Summerscale: The Suspicions of Mr. Whicher

November 21, 2012

The Suspicions of Mr. Whicher
Kate Summerscale
(Raincoast, 2008)
384 p.

The scene was Road Hill House, an old country manor in Wiltshire. The year was 1860. On the night of June 29 the family and its servants, twelve people in all, went to bed in a house that was locked up tight. The next morning a child, the youngest member of the family, was found dead — brutally murdered — on the grounds. The case caused a sensation throughout England, not only for its shocking nature but also because of the puzzling facts of the case and the difficulty the authorities encountered in their investigation. In response, Scotland Yard sent one of their finest, Mr. Jonathan Whicher, to solve the crime.

This book is an account of this crime and the subsequent investigation, as you would expect, but it is also more. Kate Summerscale is interested in a character who was just emerging at the time of this murder: the detective. It had not been long since London had established a permanent, dedicated police force, and the decision had been controversial. People were suspicious of these civil servants with extraordinary powers of search and seizure, arrest, and surveillance. The detective inherited all of that mistrust, along with a bad reputation for prying. Victorians valued their privacy, and anyone who poked around in people’s private affairs was regarded as something of a public menace, and distinctly lower-class. (For example, in the Road Hill murder investigation the local authorities searched the possessions and examined the clothing of the servants, but not the family members.
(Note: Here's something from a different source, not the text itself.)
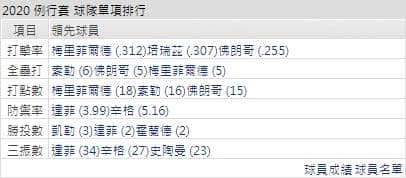 運彩分析皇家打線能力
This reticence was one of the reasons that the initial investigation was inconclusive.) A satirical article about Jonathan Whicher referred to him as ‘Mr. Watcher’ of the ‘Defective Police’.

On the other hand, a certain mystique, worthy of admiration, attached to the detective. He was a dispassionate and close observer who could illuminate concealed crimes using forensic evidence and shrewd reasoning. This was a few decades before Sherlock Holmes first appeared, but already something of his character was attributed to the best of the London detectives. Writers felt the allure of detection, and it was at this time that the first detective stories began to appear. In fact, both Wilkie Collins, in The Moonstone, and Charles Dickens, in Edwin Drood, incorporated elements of the Road Hill murder into their tales. It was the birth of a genre that was to make a triumphant progress.

Lest I spoil the suspense for prospective readers, I am not going to reveal the conclusions of the Road Hill murder investigation. Mr. Whicher had his suspicions, and they were vindicated when, at last, someone confessed to the crime. Kate Summerscale argues, however, that the confession as it stands does not satisfactorily account for the facts of the case and was probably partly intended to conceal the involvement of another party. If you want to know more than that, you’ll have to read the book.

(It is a good book, by the way. It won the Samuel Johnson Prize for non-fiction in Britain.)

[Clews]
The word ‘clue’ derives from ‘clew’, meaning a ball of thread or yarn. It had come to mean ‘that which points the way’ because of the Greek myth in which Theseus uses a ball of yarn, given to him by Ariadne, to find his way out of the Minotaur’s labyrinth. The writers of the mid-nineteenth century still had this image in mind when they used the word. ‘There is always a pleasure in unravelling a mystery, in catching at the gossamer clue which will guide to certainty,’ observed Elizabeth Gaskell in 1848. ‘I thought I saw the end of a good clew,’ said the narrator of Andrew Forrester’s The Female Detective (1864). William Wills, Dickens’ deputy, paid tribute in 1850 to Whicher’s brilliance by observing that the detective found the way even when ‘every clue seems cut off’. ‘I thought I had my hand on the clue,’ declared the narrator of The Woman in White in an installment published in June 1860. ‘How little I knew, then, of the windings of the labyrinth which were still to mislead me!’ A plot was a knot, and a story ended in ‘denouement’, an unknotting.

7 Responses to “Summerscale: The Suspicions of Mr. Whicher”


  1. This sounds completely fascinating.

  2. cburrell Says:

    I don’t dip into the “True Crime” genre very often, but since I did this time, I can say that I chose pretty well. I forget where I heard of this book. It might have been on one of those “Five Best” lists that the Wall Street Journal publishes (or used to publish?).

  3. Janet Says:

    I wish I had time to read this. Writing the blog is making me have to re-read books that I normally wouldn’t because I want to write about them, and I don’t want to say something stupid and untrue.

    I tried to write about Lord of the World without re-reading and gave it up. When I read the book again, I found that I had made horrible errors in the first draft.

    AMDG

  4. cburrell Says:

    …I don’t want to say something stupid and untrue.

    I long ago stopped letting that feeling deter me.